The album was done, the tour was announced and audiences were given a sneak peek of what was to come with lead singles. Everything was in place for the beloved Swedish band Little Dragon to release their sixth studio album in April. Then, as we all know, the whole world turned upside down.
No artist has been immune to the effects of Covid-19, but a previously slated album release date and tour landing smack in the middle of a pandemic (March 27, to be exact) was unprecedented for this band of 24 years.
The band had played three dates, including their hometown of Gothenburg, before drummer Erik Bodin says borders started to close and they realized they were on the brink of having to halt their whole tour. He says they made the decision to pack up, head home and prepare for an isolation period along with the majority of the world.
“It’s very strange, I must say,” Bodin says of cutting a tour short for such unfamiliar reasons. “We were so hyped up, we were well rehearsed, and at the few dates that we managed to do, we felt like, ‘Wow, this is gonna take off,’ and were super excited.”
The band felt torn between wanting to continue their shows and wanting to go home and be safe.
“[We were] also thinking, ‘Oh, damn,’ you know? We are trying to be as safe as we can, but now we have a lot of free time to make more music.”
But as far as the album that just came out, New Me, Same Us, the band has much to be proud of. Formed in 1996, it’s quite a feat to just stay a band as long as Little Dragon has, but to gain and keep acclaim and a fervent fanbase (read: two sold-out, jam-packed nights at our own late, great Rock & Roll Hotel in 2018) as well.
And though they’ve been together for quite some time, Bodin humbly notes that this album finally gave way to the group being able to sit back and really reflect on what they’ve created, with New Me, Same Us and over the years.
“It’s rare that you come straight out of the whole process of making an album still wanting to listen to it. I feel like we’ve grown enough to allow ourselves to be proud being in a band. I don’t think we’ve tapped each other on our shoulders enough over the years and said, ‘Hey, well done.’”
You can hear the cohesion, like always, but there’s a quiet confidence creeping in as well. Little Dragon’s signature sound – typically an amalgamation of R&B, pop and electronica – still reigns supreme, but there’s also a tinge of world music influence, or maybe even worldliness in general.
Though it’s easy to get lost in frontwoman Yukimi Nagano’s voice, each band member seems to hold their own even more on every track. No instrument, voice or lyric is more important than the next.
“The process in making this album was very collaborative in comparison to previous ones. We were not scared to break away from the original demos,” Bodin recalls. “We wanted to do all the songs from scratch. And I feel like that opened up a lot of discussion, and in those interactions we developed and evolved.

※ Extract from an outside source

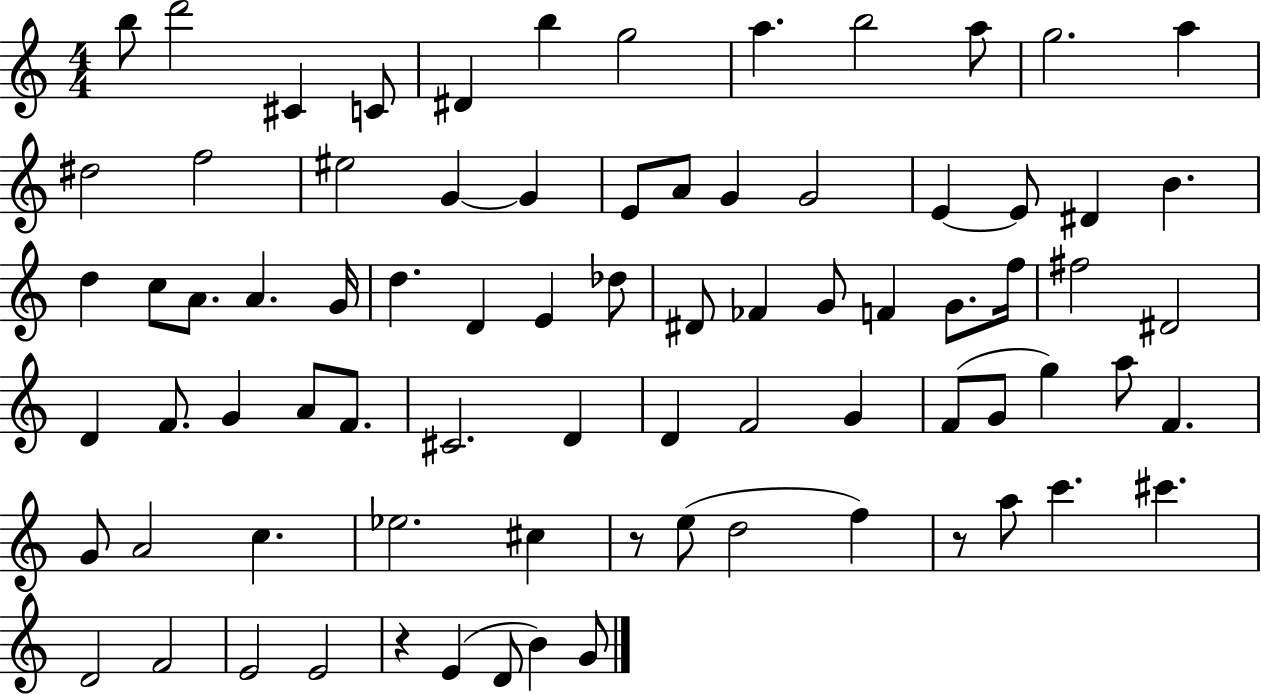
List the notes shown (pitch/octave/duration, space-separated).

I love the album myself, but I also love the fact that we’ve become so much closer and honest [with] each other.”
In the vein of collaboration, albeit a much different one, is the band’s ability to let other musicians into their sonic world, and to enter the worlds of others. If you’re not familiar with Little Dragon’s work on its own, chances are someone else you listen to has collaborated with them: Gorillaz, DJ Shadow and Odezsa are just a few.
Kali Uchis guests on the New Me, Same Us track “Are You Feeling Sad?” and it’s easy to wonder after years of sharing songs with so many other visionaries in modern pop if there’s anyone the band dreams of working with.
“No,” Bodin says with a laugh when asked if any one artist or band tops that list. He and his band are more concerned with what someone brings to the table musically, not just their name or staying power.
“But who knows? I think what we realized in doing these collabs is that no one person can be lifted to the sky as a complete genius. Sometimes, where our studio is at home, there’s this guy outside playing this string instrument day in and day out, no matter the weather. He is like the true king of showbiz. I don’t even know his name, but it would be nice to bring him in somehow.”
Until they can bring this mystery musician into the studio or even tour again, Bodin and the band are relying heavily on social media to connect with fans – a combination that sometimes borders on bittersweet.
“We did a little YouTube concert and it felt very emotional,” Bodin says. “Over the years, we’ve played so much that just for fun, we’ve been saying, ‘Okay, let’s do that show like it’s our last day alive. It’s got to be good. Let’s do this for real.’ Then all of the sudden, it felt like we didn’t have the option to do anything else but that. It was very serious. It was a very emotional event. I think all of us were close to crying during the set because we just felt how fragile this thing is.”
Little Dragon was previously slated to play the 9:30 Club in April, but the band is working to reschedule tour dates when things are safer. While they may come out of this time of isolation with more music and more fans through social media connection, no doubt the feeling of wanting to return to the stage is mutual among the band and their fans. Hopefully, this will serve as a celebration of the new album and being together.